■ INPUT FOR THIS TASK:
=== Begin Enclosure ===

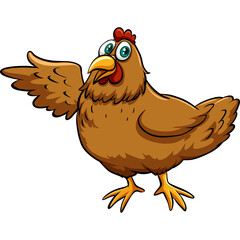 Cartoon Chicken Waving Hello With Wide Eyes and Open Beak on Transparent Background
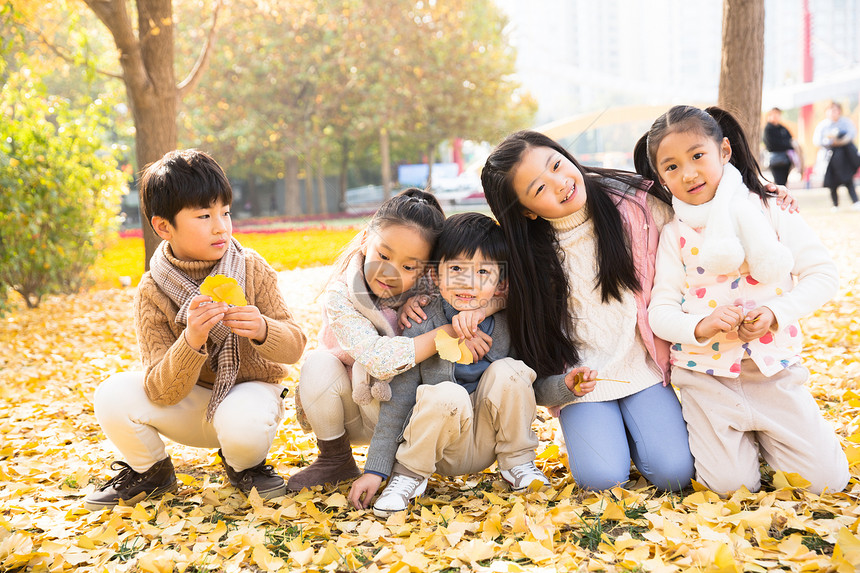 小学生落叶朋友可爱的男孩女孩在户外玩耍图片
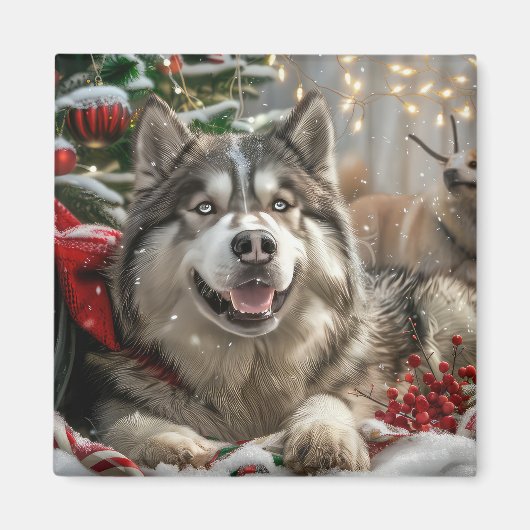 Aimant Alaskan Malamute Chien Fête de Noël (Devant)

=== End Enclosure ===
=== Begin Enclosure ===

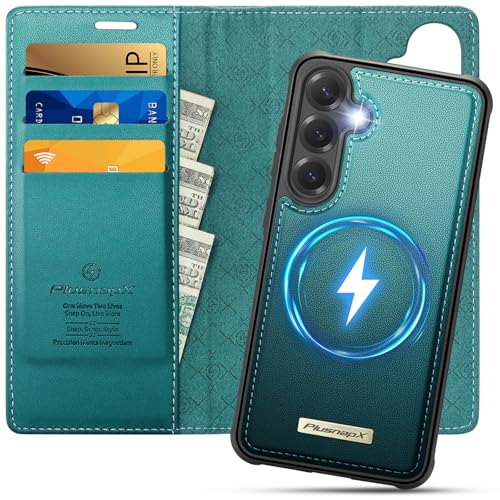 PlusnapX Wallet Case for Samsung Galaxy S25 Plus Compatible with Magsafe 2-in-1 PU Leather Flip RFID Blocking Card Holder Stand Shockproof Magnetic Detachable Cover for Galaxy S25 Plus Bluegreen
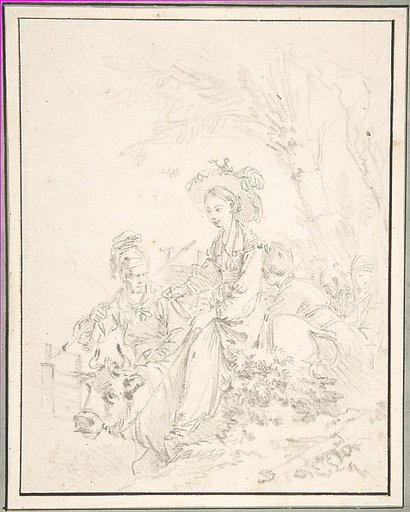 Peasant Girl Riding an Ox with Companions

=== End Enclosure ===
=== Begin Enclosure ===

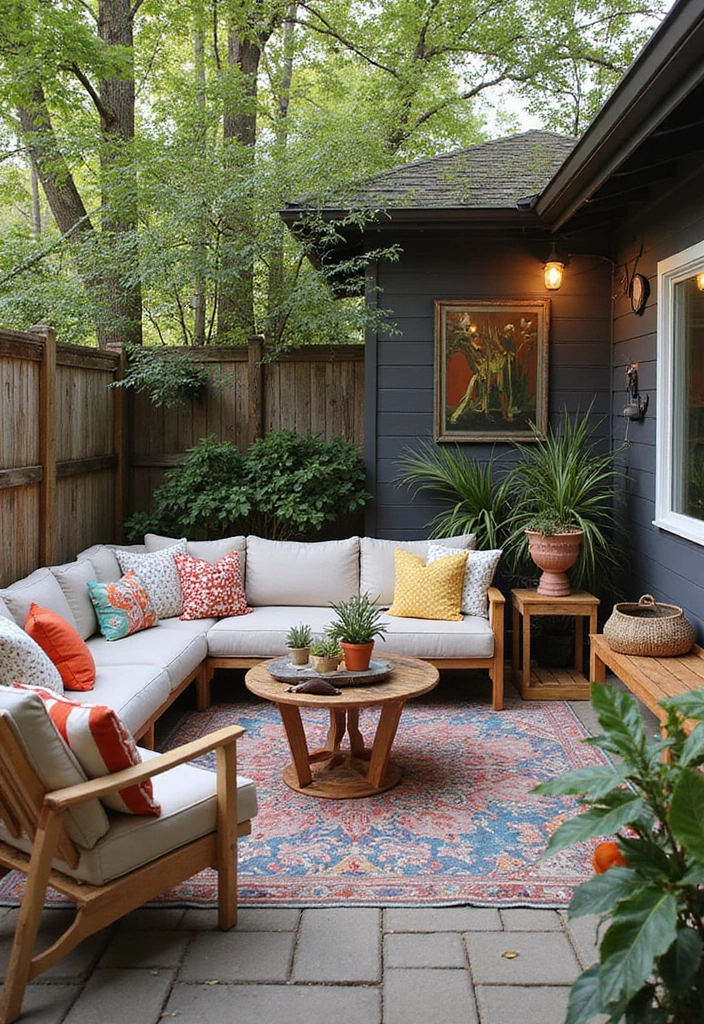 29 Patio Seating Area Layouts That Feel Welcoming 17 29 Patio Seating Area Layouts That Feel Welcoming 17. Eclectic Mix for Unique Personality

=== End Enclosure ===

■ PROBLEM DETAILS: Each line above starting at the one holding "PlusnapX Wallet Case" and ending at the one holding "Peasant Girl Riding an Ox with Companions" should be set down exactly as it stands, both ends included, with no pictures.

■ RESULT FOR THIS EXERCISE:
 PlusnapX Wallet Case for Samsung Galaxy S25 Plus Compatible with Magsafe 2-in-1 PU Leather Flip RFID Blocking Card Holder Stand Shockproof Magnetic Detachable Cover for Galaxy S25 Plus Bluegreen
 Peasant Girl Riding an Ox with Companions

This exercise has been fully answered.